Asisten Deputi Perlindungan Khusus Anak dalam Kondisi Khusus KemenPPPA, Susanti, menyampaikan bahwa anak dan remaja kini menjadi sasaran rentan aksi terorisme, terutama melalui ruang digital.
“Upaya perlindungan anak dari jaringan terorisme tertuang dalam Pasal 61 Peraturan Pemerintah Nomor 78 Tahun 2021 tentang Perlindungan Khusus Anak. Edukasi penguatan ideologi dan rasa nasionalisme anak perlu ditekankan melalui layanan konseling, rehabilitasi, pendampingan, dan pengasuhan,” ungkapnya.
Ancaman Digital Meningkat, Keluarga dan Lembaga Diminta Perkuat Daya Tahan Anak
Susanti menambahkan bahwa pengasuhan anak harus menanamkan nilai-nilai empati, tanggung jawab, dan kemandirian untuk memperkuat daya tahan terhadap radikalisme dan ekstremisme kekerasan.
Penanganan anak korban jaringan terorisme juga dilakukan oleh Unit Pelaksana Teknis Daerah Perlindungan Perempuan dan Anak (UPTD PPPA) serta dinas terkait di daerah.
Selain itu, pencegahan juga difasilitasi melalui 302 unit Pusat Pembelajaran Keluarga (Puspaga) yang tersebar di seluruh Indonesia.

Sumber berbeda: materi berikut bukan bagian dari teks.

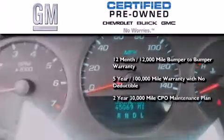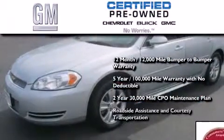You also get a strict, factory-set, 117-point inspection, plus roadside assistance and courtesy transportation.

Perwakilan Densus 88 Anti Teror Polri, Kombes Pol. Mohammad Dofir, mengungkapkan bahwa sepanjang tahun 2024 terjadi 19.416 aksi pencegahan terorisme—lonjakan signifikan dibandingkan 1.536 aksi pada 2022.
“Meskipun demikian, Standar Operasional Prosedur (SOP) Kontra Radikalisasi Terhadap Anak tetap menjadi dasar dalam penanganan anak korban jaringan terorisme. Proses asesmen, upaya kolektif, monitoring, dan evaluasi tentu dilakukan dengan berkoordinasi lintas sektor dengan kementerian/lembaga terkait,” jelasnya.

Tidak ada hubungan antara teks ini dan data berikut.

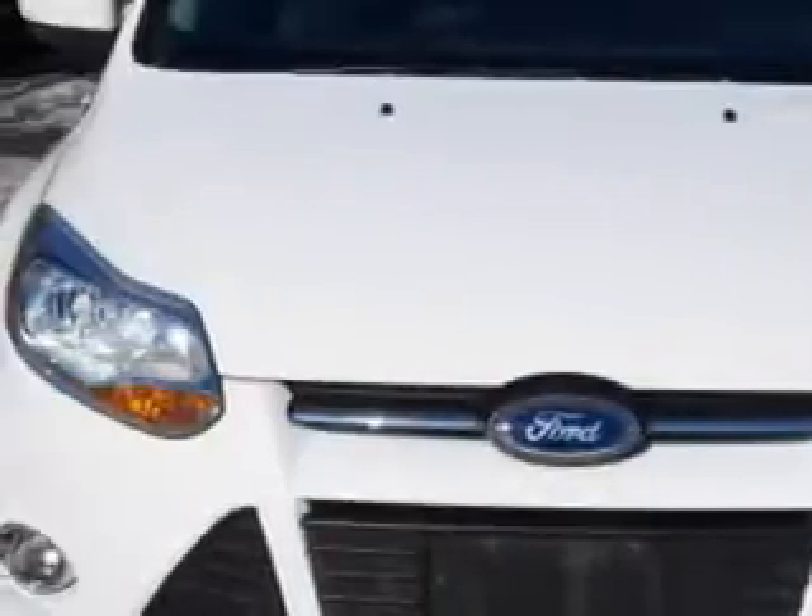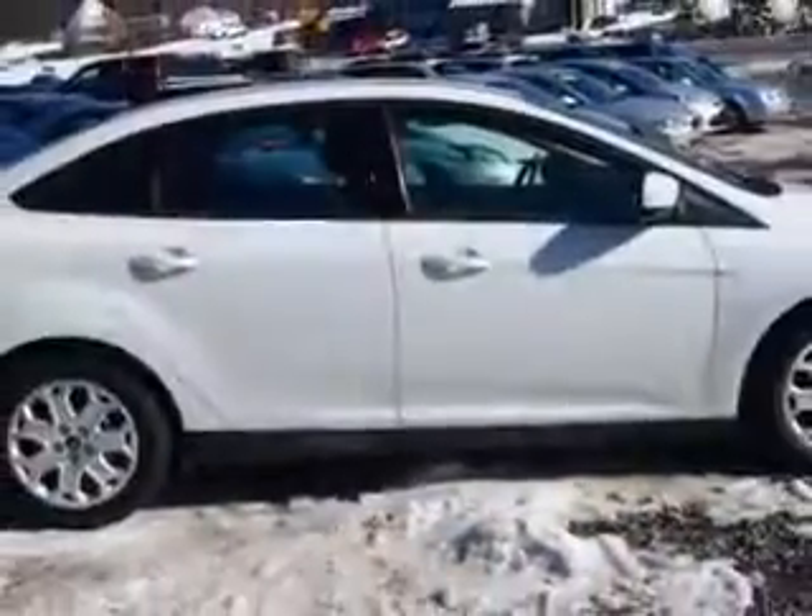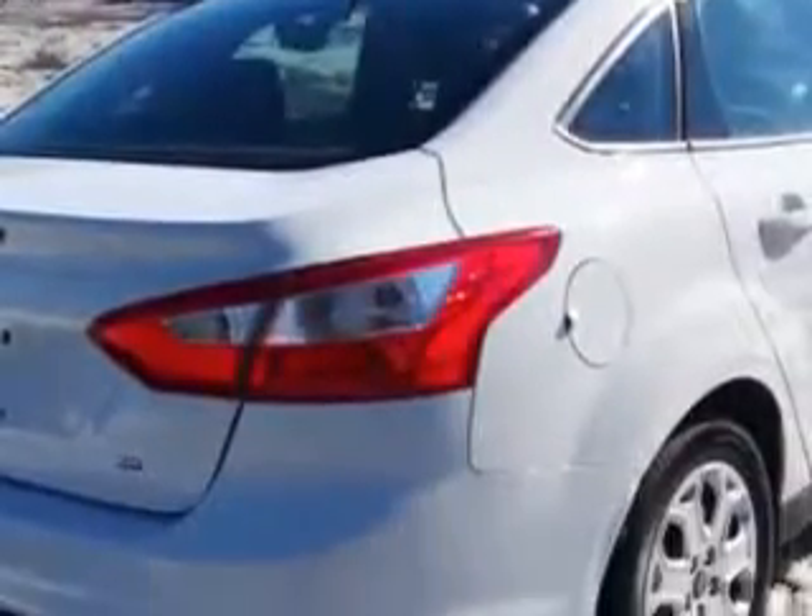Imagine driving this Oxford White 2012 Ford Focus equipped with a 4-cylinder engine and an automatic transmission. Enjoy an exceptional 36 miles to the gallon on this great car.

Upaya Digital dan Deradikalisasi Anak Terus Diperkuat
Perwakilan Kominfo/Komdigi, Tuaman Manurung, melaporkan bahwa dari Oktober 2024 hingga November 2025, tercatat 3.257.039 konten negatif tersebar di internet dan media sosial, dengan 8.305 di antaranya mengandung unsur terorisme dan radikalisme.
Ia menegaskan pentingnya keterlibatan orang tua, wali, dan masyarakat dalam mendampingi anak saat mengakses ruang digital.
Pemerintah juga telah menerbitkan Peraturan Pemerintah Nomor 17 Tahun 2025 tentang Tata Kelola Penyelenggaraan Sistem Elektronik dalam Perlindungan Anak (PP TUNAS) untuk meningkatkan kesadaran masyarakat dan pengawasan terhadap anak di ranah digital.
Sementara itu, perwakilan BNPT, Bara Lintar Sanggabuana, menyampaikan bahwa deradikalisasi anak merupakan proses terpadu dan berkesinambungan melalui pembinaan wawasan kebangsaan dan keagamaan, dengan orientasi pada kepentingan terbaik anak.
Pendiri Yayasan Prasasti Perdamaian, Noor Huda Ismail, menegaskan bahwa anak yang terlibat jaringan terorisme bukanlah pelaku, melainkan korban.
"Anak bukan pelaku, tetapi korban dari ideologi dan jaringan terorisme. Keterlibatan anak dalam ekstremisme sering disebabkan oleh doktrin keluarga maupun jaringan, ekspos kekerasan sejak dini, serta kurangnya pengawasan dan akses pendidikan yang inklusif. Anak yang terlibat memerlukan pendampingan hukum dan psikososial, bukan hukuman," ungkapnya.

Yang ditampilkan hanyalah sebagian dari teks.